=== To do ===
Although the records contain pictures, only their text should be reproduced, exactly as written.

(Scraped caption text data)
'''

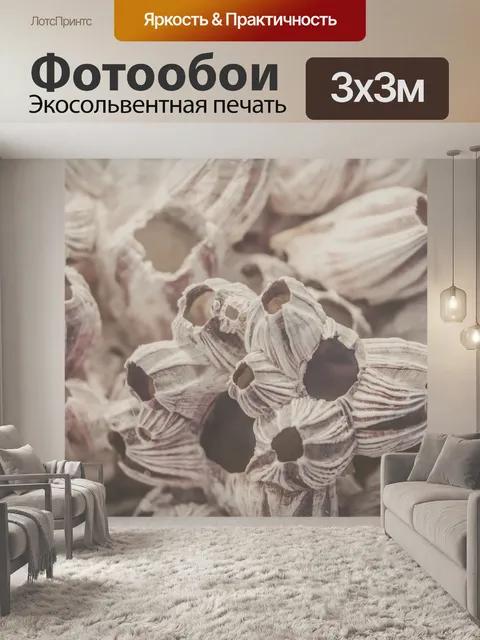Фотообои Сухие кораллы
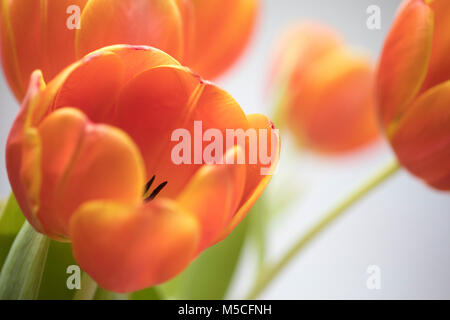 Ein Stilleben Bild aus einem Bündel von orange Tulpen schossen mit kurzen Tiefenschärfe. Stockfoto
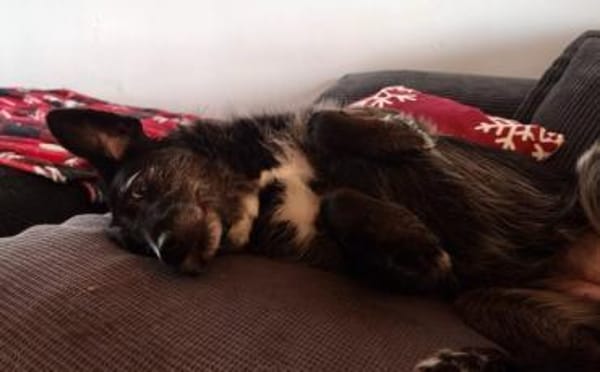 Ignis sucht ruhiges, stabiles Zuhause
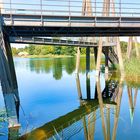 Rhizomatische Brücke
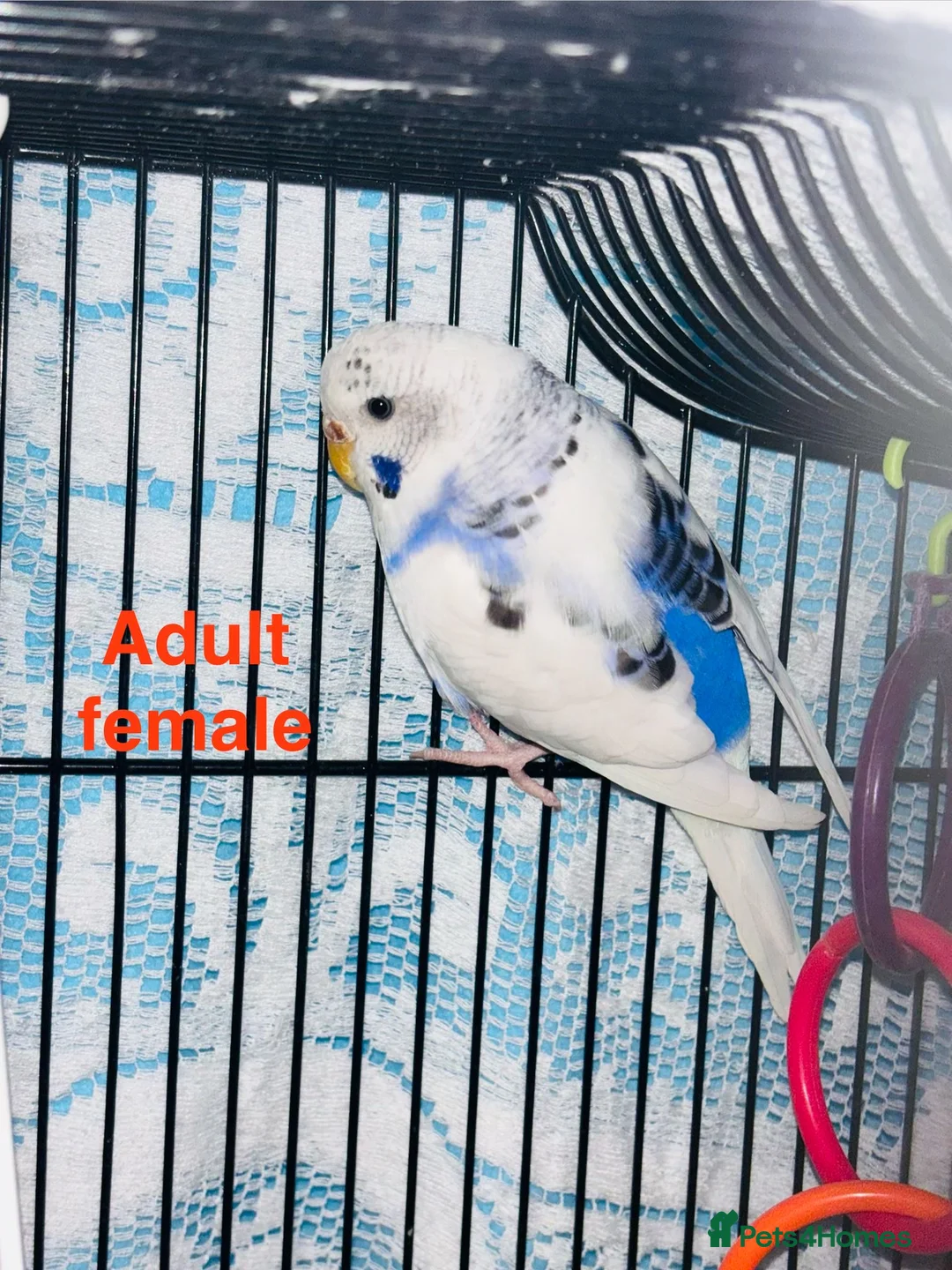 Budgerigars birds for sale: Rainbow English budgies - Advert 4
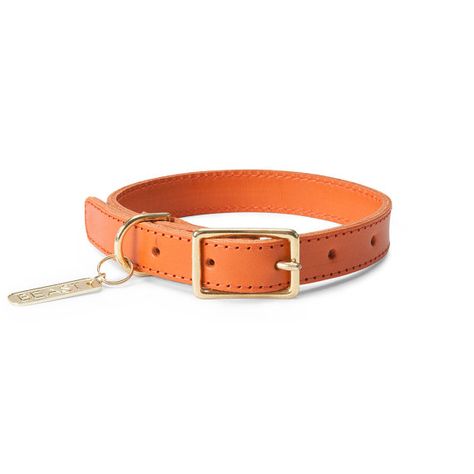 Leather Collar in Orange Orange Dog Collar, Orange Dog, Promise Band, Collars And Leashes, Pet Fashion, Dog Collars & Leashes, Dog Apparel, Orange Leather, Summer Events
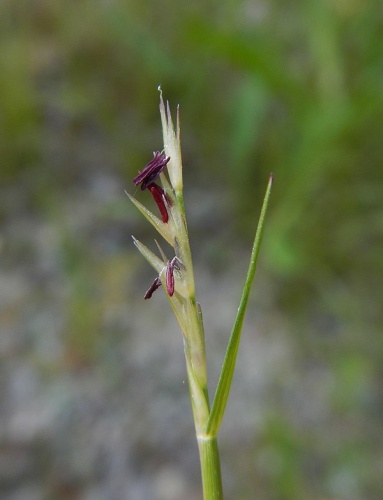 Sporobolus vaginiflorus © <a href="//commons.wikimedia.org/w/index.php?title=User:CJChapm&amp;action=edit&amp;redlink=1" class="new" title="User:CJChapm (page does not exist)">CJChapm</a>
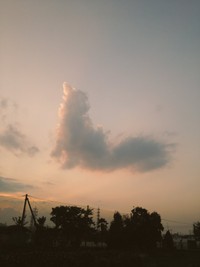 この雲、どんなふうに見えますか？※やわいさん提供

'''

=== Task answer ===
Фотообои Сухие кораллы
 Ein Stilleben Bild aus einem Bündel von orange Tulpen schossen mit kurzen Tiefenschärfe. Stockfoto
 Ignis sucht ruhiges, stabiles Zuhause
 Rhizomatische Brücke
 Budgerigars birds for sale: Rainbow English budgies - Advert 4
 Leather Collar in Orange Orange Dog Collar, Orange Dog, Promise Band, Collars And Leashes, Pet Fashion, Dog Collars & Leashes, Dog Apparel, Orange Leather, Summer Events
 Sporobolus vaginiflorus © <a href="//commons.wikimedia.org/w/index.php?title=User:CJChapm&amp;action=edit&amp;redlink=1" class="new" title="User:CJChapm (page does not exist)">CJChapm</a>
 この雲、どんなふうに見えますか？※やわいさん提供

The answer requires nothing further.